I work in a dynamic and ever-changing retail industry. On a daily basis, I speak with both public and private companies to gather insights about their financial performance, their strategies, how they execute on their operational plans, and more. I then develop a risk profile on how these buyers are doing which in turn helps our underwriters decide the coverage needed.
Question: Sometimes Euler Hermes might have the tough job of denying coverage or only partially covering it. Can you explain why that might happen?
When you sign or prepare a policy with Euler Hermes, it’s not only an assurance that your claims will be paid out if a buyer does not pay on time, it’s also leveraging our unique credit team, underwriters, and all the confidential and public information we analyze on a daily basis. We build relationships with a lot of these buyers and gather a lot of context behind their business operations, their strategy and why they do what they do. So that alone is a great reason to work with Euler Hermes. And we also have a lot of proprietary information as far as which buyers are paying more slowly than others and which ones may be experiencing some cash flow issues. So you may not always be thrilled when you don’t get a full limit or even get fully defined on a limit that you request, but there’s usually reasons for that and information you can take back to your company on how to approach the relationship with that particular customer.
Question: Do you have an example when Euler Hermes had to reduce or decline coverage and it actually ended up helping a customer in the long run?
I can actually think of a number of examples when that’s happened. And a lot of times, it’s driven by the fact that we do have some financial information on the buyer, whether it’s confidential or otherwise, and then we also receive reports of slow pays and past dues from other policy holders. So we can kind of juxtapose the two together and realize this buyer is a little bit more sensitive and risky than either of those pieces of information by themselves. I can think about at least a few times when we decided to withdraw coverage and then, there you have it, about three to six months later the company is filing for bankruptcy.
Question: What would you say are some recent retail bankruptcies that risk experts didn’t actually expect to unfold the way they did?
One I think is probably top of everyone’s mind would be Toys R Us. And a lot of that was driven by the timing of it, not the fact that Toys R Us was kind of a deteriorating company. It was a market leader in the toy industry, and it actually had some success refinancing debt and pushing out those maturities. So it didn’t seem like anything was imminent when the bankruptcy actually occurred, which was actually right before the crucial holiday selling season. So that definitely came as a surprise that they decided to file.

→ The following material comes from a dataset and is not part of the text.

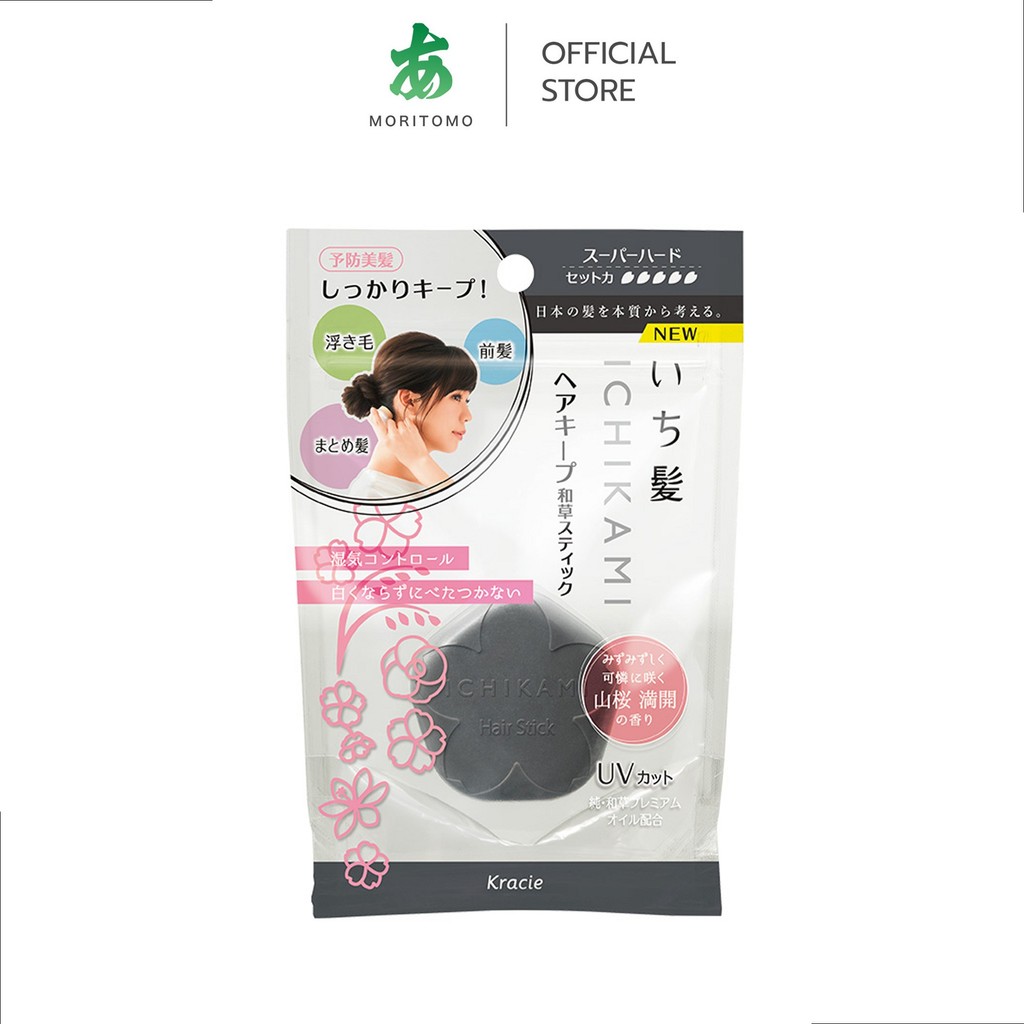 MORITOMO Official - ICHIKAMI Hair Stick Super Hard Sakura Scent 13 g / ผลิตภัณฑ์จัดแต่งทรงผม เก็บลูกผม ผมหน้าม้า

And then another one I can think of that wasn’t your traditional bankruptcy was Mattress Firm. They have stores everywhere. And more so the reason they decided to go into bankruptcy was just to get out of all the operating leases they had, just way too many stores and that was kind of dragging the company’s results down.
Question: How did Euler Hermes help our customers when these surprises happened?
Euler Hermes is down in the trenches all the time. We talk to buyers on a daily basis. We gather information pretty much nonstop. We have a vast portfolio of buyers we cover. So we always have the most current, up to date information on buyers and we’re always in the process of updating that. At the same time, if we start to see some concerning trends maybe we can raise the alarm bells and say hey, maybe it’s time to take a step back and be a little bit more conservative. At the same time, if we do get updated information and it’s trending positive, we can reach out to policy owners and be like hey, this is a buyer you’re interested in working with, maybe we have some additional capacity. It can also help you safely grow your sales with the company you may not be comfortable with or you may have a lot of unknowns.